調査は、情報システム部所属、勤務先で50%以上の時間を情報システム関連業務に費やすユーザーを対象に2018年8月にインターネットで行ったモニタ調査(1,028件)の分析結果となる。

情報化投資 前年比(同社資料より)

情報化投資前年比(同社資料より)

同社が公開するグラフでは、2010年度からの情報化分野への投資を前年度10%(以上/未満)の変動で一覧できる。2010年度からここ数年増加を重ねており、2017年度の情報化投資実績が前年より増加したと回答した事業所が51%を超えている。ここ近年では初となる過半数を超え、2018年度見込み(増加する)でも50%となり、高い情報化投資が近年続いていることが窺える。

投資対象分野で最も多かったものがハードウェアの62%、セキュリティが32%、ソフトウェア、運用・保守、システム開発がそれぞれ20から21%、クラウドコンピュータが12%となる。ほとんどの分野で比率の大きな増減は無いが、セキュリティとクラウドコンピューティングが3年連続で増加しており、労働生産性の観点から投資を強化した企業も少なくないと同社は推察している。

ハードウェアの中では最も投資が活発なカテゴリーにパソコンへの投資が挙げられている。2020年1月にはWindows 7の公式サポートが終了するが、Windows 10導入が投資を牽引していることに同社は言及している。昨年8月の同社調査での搭載OSの数量構成比が平均37%(2016年12月調査から18%上昇)。ITリセラーなどの販売実績をもとに推計する販売データ(Surfaceシリーズを除く)でもB2B(BtoB)市場は堅調に推移し、17年度の販売台数は前年比7%増、18年度(4-12月)で26%増と需要が大きく伸びている。
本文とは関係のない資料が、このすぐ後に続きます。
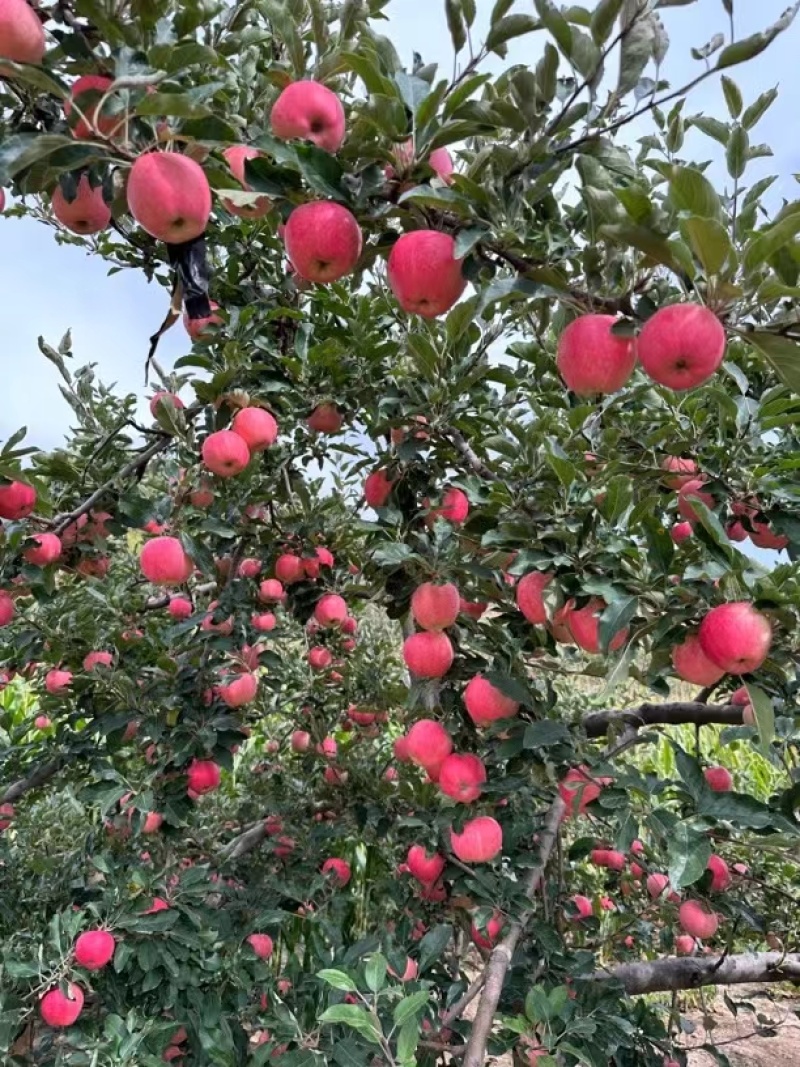 静宁苹果，支持一件代发，顺丰包邮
Windows 10の導入理由(複数回答可/同社資料より)|

Windows 10の導入理由(複数回答可/同社資料より)

また、Windows 10導入理由についてもリサーチし、比較データ(2016年/2018年調査)を発表しているが、セキュリティ強化やサポート期間の利点以外にも、PC自体のパフォーマンス上昇を挙げる回答の増加が見られる。SaaS型の多種多様なサービスから動画サービスまで広くクラウドが提供するツールは進化しており、常設する端末で快適且つ生産的に使えることが求められるが、日進月歩のITテクノロジーの世界において、世代の古いPCはどうしてもパフォーマンスが影響してくる。サポート終了まで1年を切る今年、情報化投資がさらに大きく増加していくことが予測される。